Your goal>
In the data below, the answer is the run of lines from the line containing "Sauce Video Web" through the line containing "ji hotel lanzhou oriental red square", both included; print it exactly and nothing else.

---------- Provided entries

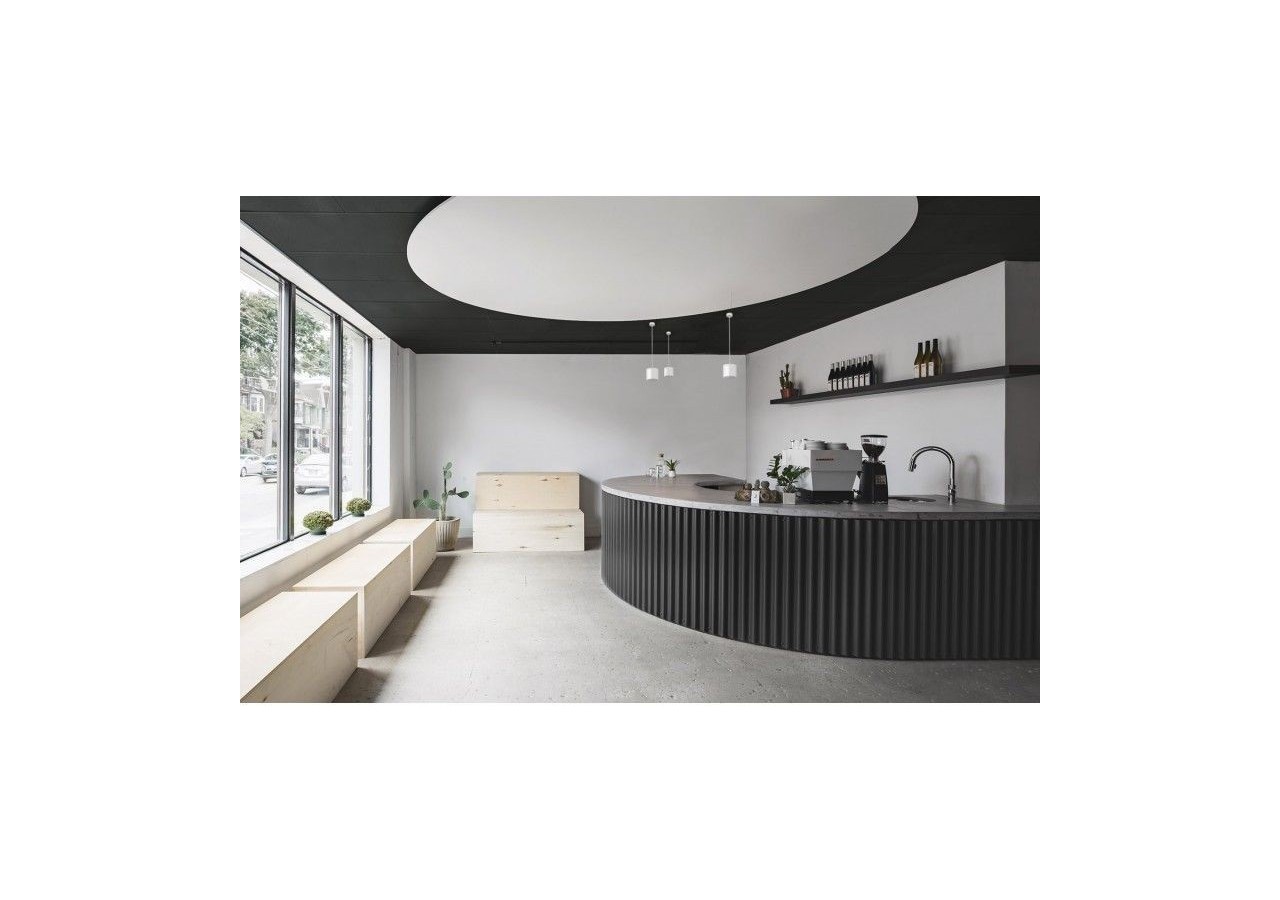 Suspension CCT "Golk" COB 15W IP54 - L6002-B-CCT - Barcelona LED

--------------------
---------- Provided entries

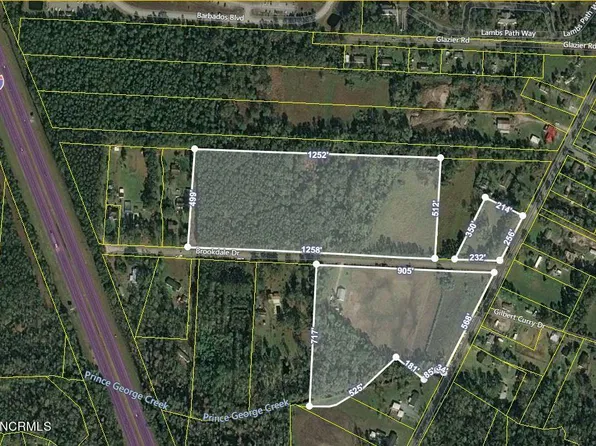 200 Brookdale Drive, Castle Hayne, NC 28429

--------------------
---------- Provided entries

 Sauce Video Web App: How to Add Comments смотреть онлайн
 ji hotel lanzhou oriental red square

--------------------

Final answer>
 Sauce Video Web App: How to Add Comments смотреть онлайн
 ji hotel lanzhou oriental red square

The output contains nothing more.